Hope you are enjoying all this, this is why it is hard to make refined semi trailing arms. The advantage of a semi trailing arm is that it is cheap, compact, strong and sensible. Not elegant.

[Canuck]

A pure trailing arm would have an angle of theta = 0 deg. The E30 trailing arm angle is 15 deg. Some refer to this as the "sweep" angle.

I need some help understanding this still - what is 15' to what?

As suspected I'm in way over my head.
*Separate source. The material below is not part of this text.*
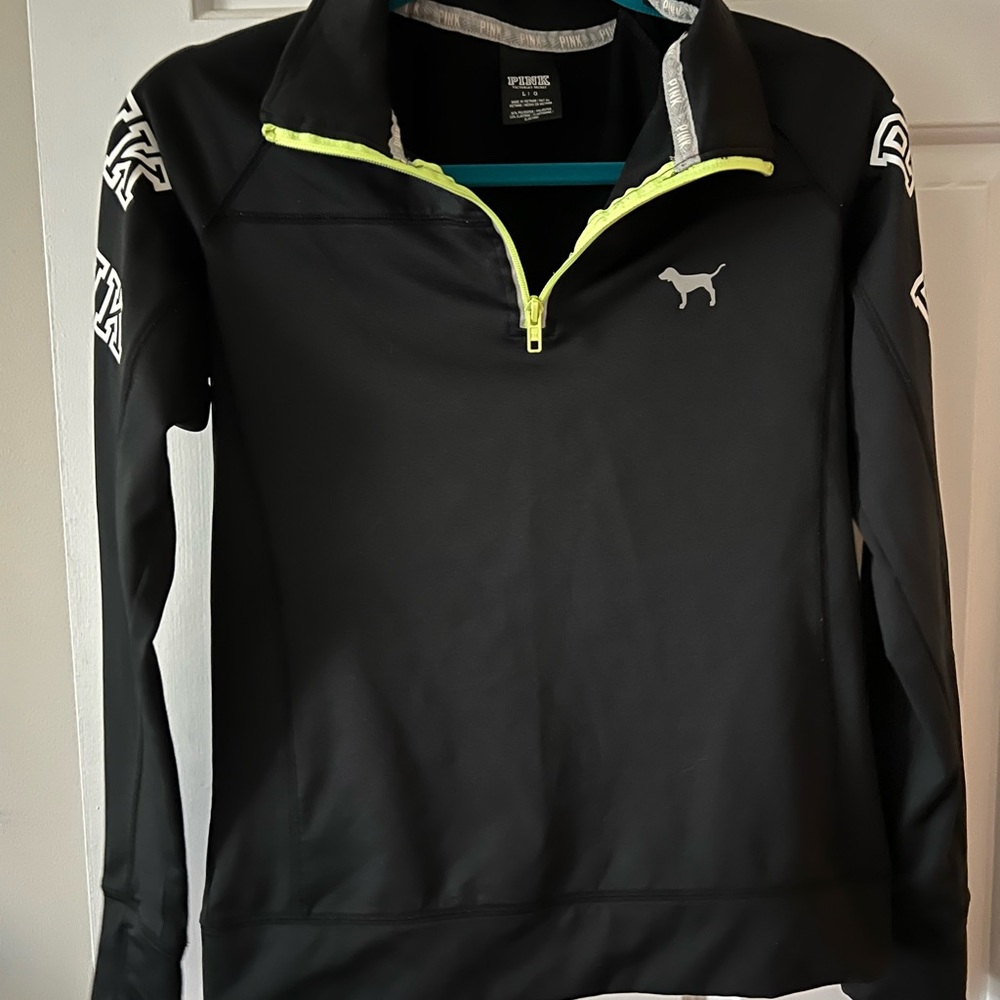 PINK Victoria Secret workout long sleeve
But I'm liking the learning.

[Engineguy]

The pure trailing arm (top) pivots on a transverse axis, has NO camber gain.

The not-trailing arm (bottom... yeah... made that up... effectively a swingaxle) pivots on a longitudnal axis, has LOTS of camber gain.

The semi-trailing arm (middle), being in between, has some camber gain

[Greg Locock]

15 degrees to the y axis of the car.


x is longitudinal (back), y is lateral(right), z is up

[soubriquet]

FWIW, BMW "fixed" the camber change evils of the M5 by limiting the rear suspension travel to about 5cm.

(you could try grafting in something much nicer, like an Alfetta de Dion)

[Powersteer]

Those semi-trailing and trailing arm designs gets very untidy from bushing flexing. Oh, and semi-trailing arm also provides some toe-in.

[Canuck]

Thank you folks - I can officially say I learned something new that I had no clue about before. I think, in the interest of both getting it back on the road sooner rather than later, and not spending a boat-load of time and money on something that may only be marginally (or not at all) better, I'll stick to re-engineering the mounts and leave the current dimensions as they are.

In the future, perhaps an SLA design is a better idea. Or not - I still know **** about suspension.

[Greg Locock]

You don't hear many complaints about the BMW 5 series. I'd leave it be. If you want to narrow the track cut and shut the subframe, inboard of the inner suspension bush.

[Canuck]

Indeed. This little old beater is easily the best-handling car I've owned, surprised me a fair bit. The seed that started this line of thought is the LSD diff I have. If it was a straight bolt-in swap I wouldn't have travelled down this road (but then I wouldn't have learned a)trailing vs. semi-trailing arm suspension or b)the effects of increased semi-trailing angles on camber and toe.

In looking at the pictures above, would you a) leave everything as is with the open diff, b) modify the stock hanger to accept the LSD diff or c) mount the new hanger and diff (and arms) as an assembly?

[Greg Locock]

a or c

[phantom II]

This is a 3 series (open) diff and semi trailing arms on a replica Cobra. The car has a 390 hp 351 Ford. Stock 3 series struts up front with complete 3 series geometory and rubber bushings. Rides real nice. 2400lbs



I use a M3 diff in my roadster with 405 HP. 1800lbs.

[Canuck]

The diff housings are radically different than either of mine. I think I'll stick to measuring up what I have on the car, what I have on the spare car and seeing just how much extra work is involved in making it fit. At the end of the day all I'm after is the LSD (can't say that on too many forums). It would be nice to be able to stuff some bigger rubber under there for looks, but while possible, it's unlikely I'll ever make it to a track-day.

[soubriquet]

I want to get this straight.

Semi-trailing arms give camber change under the following conditions: acceleration, braking, cornering and bump. With wide tyres this geometry arbitrarily changes the contact patch from middle to edge. With all cars except (apparently) BMW, semi trailing arms lead to unpredictable behaviour (unless you count unpredictabilty as predictable). All reviews I've read of semi-trailing arm BMWs stress their tendency to oversteer.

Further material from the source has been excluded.